On 19 September 2019, at her flat at Jalan Tasik Tambahan, Ampang in the Malaysian state of Selangor, 85-year-old Wong Chooi (黄翠 Huáng Cuì; 1934 – 19 September 2019) was found dead by her son, and post-mortem examinations revealed that Wong was raped and sodomized before she was murdered. The killer was later identified as K. Sathiaraj (Sathiaraj a/l Kundaiah; born 19 September 1992), a homeless man and former lorry attendant who was previously jailed for drug and property offences, and he was arrested and charged with raping, sodomizing and murdering Wong a month after the crime.

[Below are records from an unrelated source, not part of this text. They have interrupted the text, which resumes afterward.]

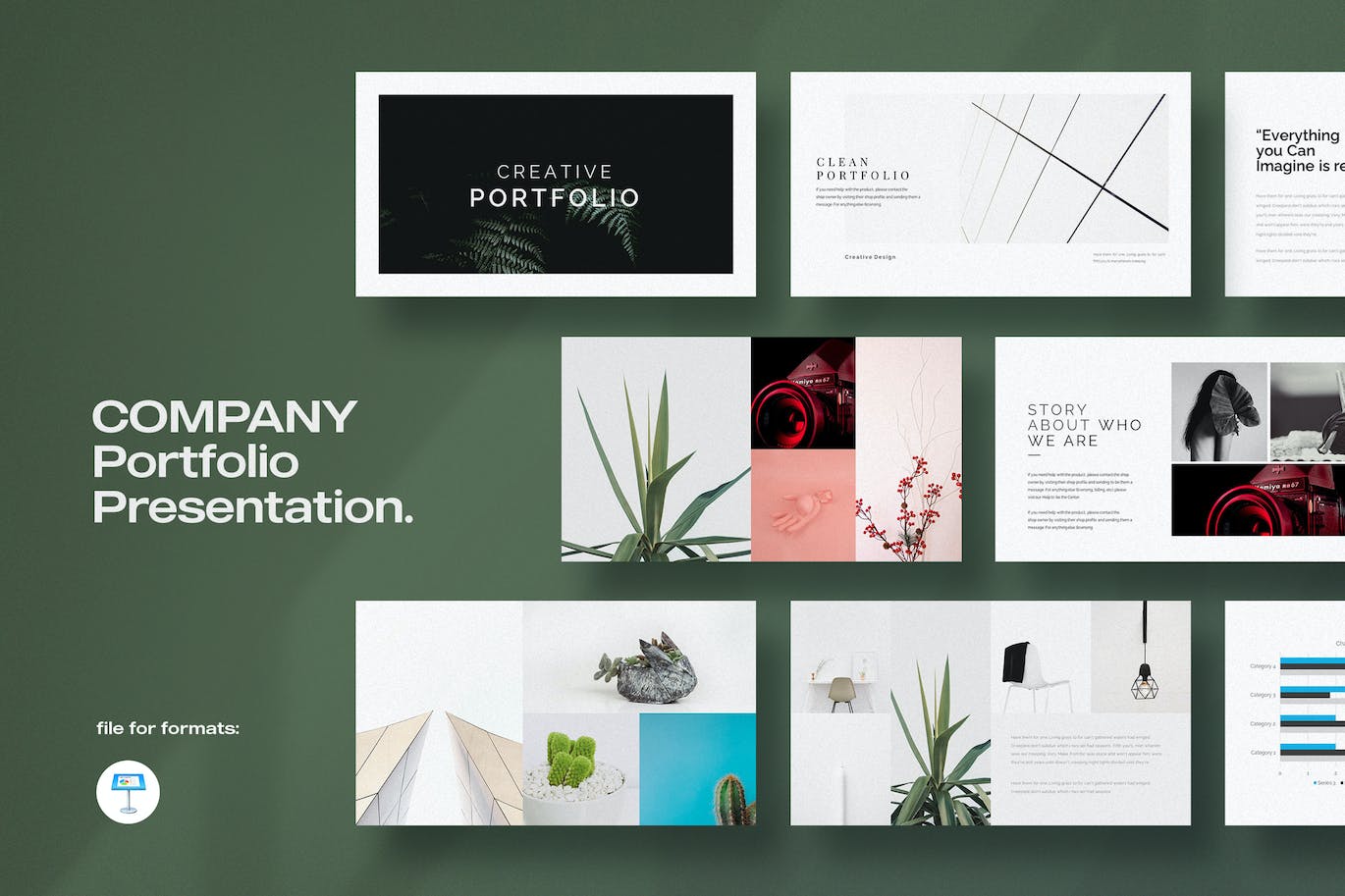 极简风作品展示Keynote幻灯片创意模板 Minimal Portfolio Keynote Template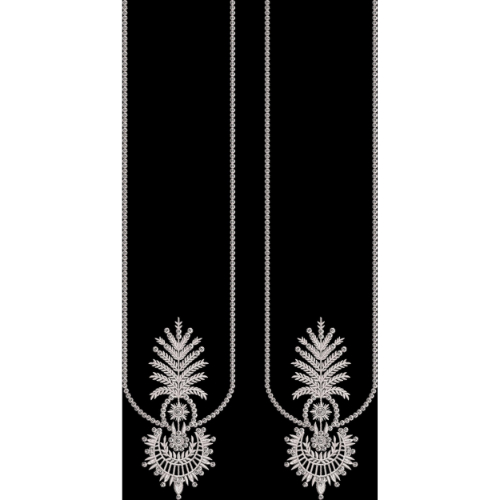 White Symmetrical Neckline Embroidery with Leaf Drop Motifs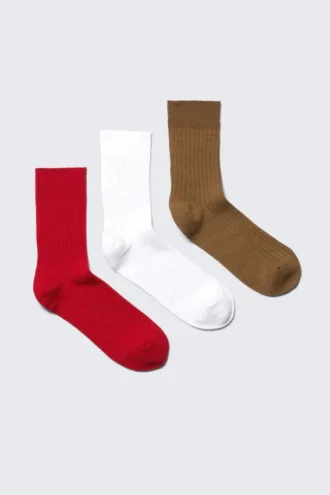 3-Pack Ribbed Crew Socks – Red/White/Brown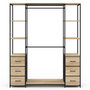 Voir la diapositive 3 : ID MARKET Dressing double penderie + double colonne L. 140 cm UTAH avec 6 étagères et 6 bacs en tissu bois et noir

Sathiaraj, who was 27 at the time of the offence, was found guilty of murder and sentenced to death in August 2022, in addition to a 13-year jail term and five strokes of the cane for the second charge of rape. Sathiaraj's appeal was dismissed by the Malaysian Court of Appeal in February 2024, but his death sentence was commuted to 40 years in prison and 12 strokes of the cane by the Federal Court of Malaysia in January 2025.

==Death of Wong Chooi==
On 19 September 2019, in the Malaysian state of Selangor, an 85-year-old woman was discovered dead inside her flat at Jalan Tasik Tambahan, Ampang.

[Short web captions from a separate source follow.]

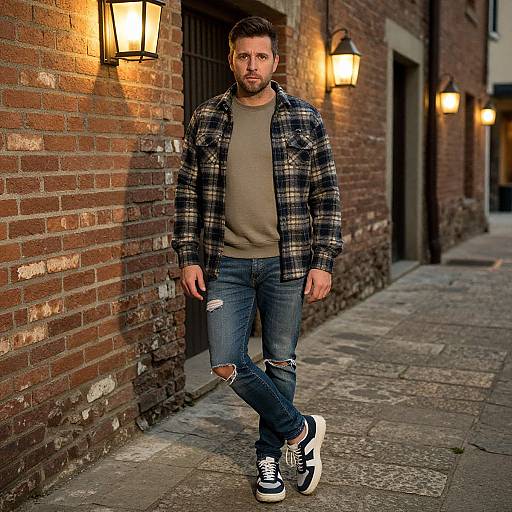 Photograph of a bearded man with short brown hair, wearing a plaid shirt, beige t-shirt, ripped jeans, and black sneakers, walking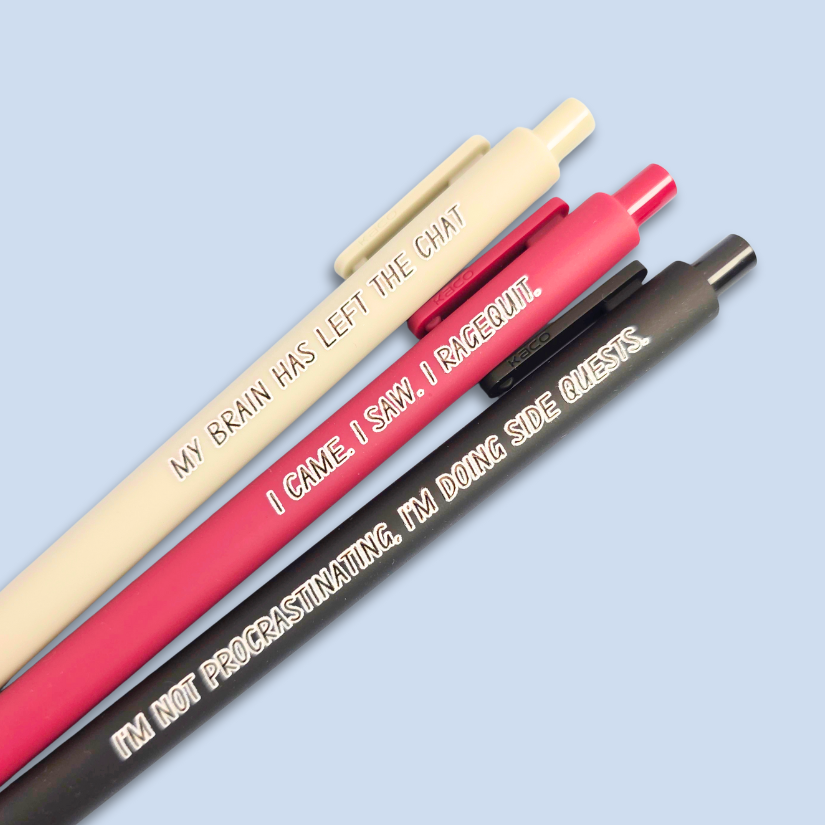 Three pens with humorous text on a light blue background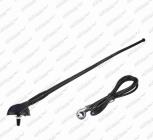 Anténa universal 35cm sklopná 0-90°, gumový prut, kabel 120cm 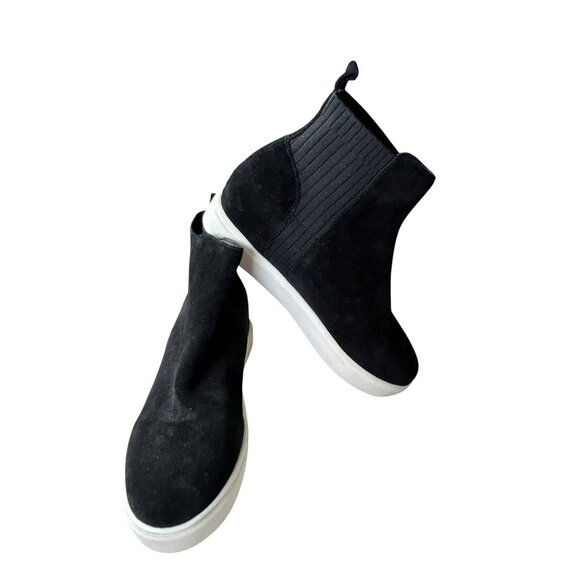Steve Madden Cosma Hidden Wedge Bootie Women's 8 High Top Sneakers Black Suede - Picture 1 of 9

The victim was identified as 85-year-old Wong Chooi, who lived together with one of her sons, who was not married. Wong's 61-year-old second son (and fourth child) returned home from work to discover his mother's body inside her bedroom, and when her half-naked body was found, Wong's hands were tied together while her head covered with a piece of cloth, and her mouth was taped up with cloth stuffed into her mouth, and her pants were being pulled down. Autopsy reports showed that there were semen marks on the victim's body, suggesting that Wong was likely sexually assaulted before her death, although the police did not conclude that she had been raped.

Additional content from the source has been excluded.